Why? Would this be preferable to two programs that each does it's task efficiently and well? You need only pay for software once, but you pay for inefficiency and difficulty of use every day.

Reply to
Don Foreman

Well, that's got a couple answers. First off, I haven't found any software that does the job for me well enough to make it worth my while. The EE already has his software, and usually does PCB123 for his circuit boards and Orcad PSpice for diagrams and evaluation. Nothing that he has been able to find works very well outside the confines of the circuit board, and we have a lot of oddball things far away from the circuit boards. He'd like to be able to test my wiring and systems off the board and I need a good solution for the non- electronic stuff I do. I have no issue with two different systems, but the time I spend doing drawings with a pencil that doesn't fit on a server is no helpful for any of us, and we have no good system for managing any of our electrical and electronic systems. Turns out that we have very few wiring diagrams of our systems on the server, due in main part to there not being a good method for developing and testing those systems.

Reply to
Carl M

Carl,

I do a fair amount of packaging electronics for our research work - sometimes more MacGyver than Maytag, but we make sure our stuff is safe, and some of it is pretty slick (thanks in large part to help from this group!). If your EE is using anything like what I am envisioning, I would not expect it to solve what I imagine your task to be: physical integration of gizmos on panels and elsewhere in a box to a populated board with circuit analysis and physical layout spit out by the EE's software. Am I at all warm??

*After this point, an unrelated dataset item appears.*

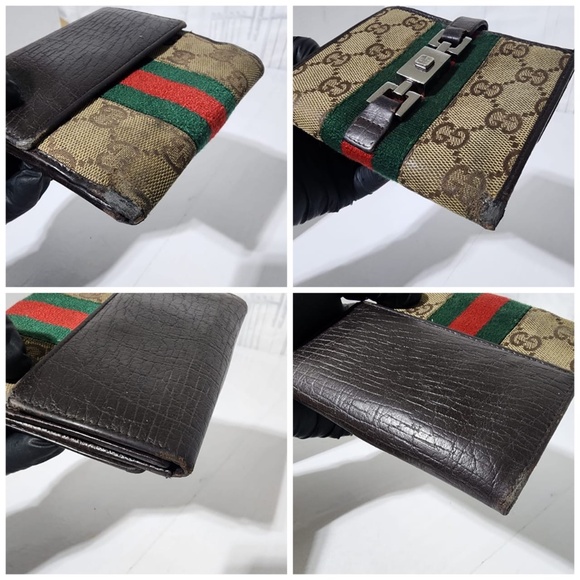 Authentic GUCCI Monogram Web Wallet Brown/Beige - Picture 4 of 15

I typically work with either purchased boards such as screw terminal boards, packaged transducers, PC/104 computer components, etc., or very simple home-grown perf boards with soldered jumpers (don't laugh - they work). From a physical design standpoint, they become plates with known hole locations and (when space is tight) varying thickness. I use QCad to draw all relevant parts of an assembly, and create dimension layers that guide my milling. It is not "easy" but it works. I create one layer per view per component - systematic naming is critical to sanity. To that, add one or two (maybe three) dimension layers per component. My biggest complaint is that QCad does not anticipate the range in sizes, which can vary by a factor of ten or more. A reasonable text size for a 0.5x0.5x3.0" inch bracket is much too small for labeling a drawing of a 1x2x3 ft "box" for the instrument. I get around the hassles. I have not used AutoCAD in a long time; it stuck me as bloated then, but a good 3D system could have some advantages.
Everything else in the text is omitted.